# Task material

----

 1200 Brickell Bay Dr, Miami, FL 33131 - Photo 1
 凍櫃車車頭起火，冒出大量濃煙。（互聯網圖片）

----

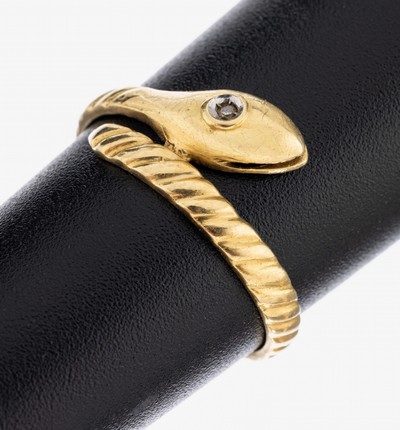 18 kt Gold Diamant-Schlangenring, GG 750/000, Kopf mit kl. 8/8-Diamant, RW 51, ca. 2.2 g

----

# Problem requirements
Starting at the line with "1200 Brickell Bay" and ending at the line with "凍櫃車車頭起火，冒出大量濃煙。（互聯網圖片）", print each line of the listing above exactly, with no other lines.

# Problem solution
 1200 Brickell Bay Dr, Miami, FL 33131 - Photo 1
 凍櫃車車頭起火，冒出大量濃煙。（互聯網圖片）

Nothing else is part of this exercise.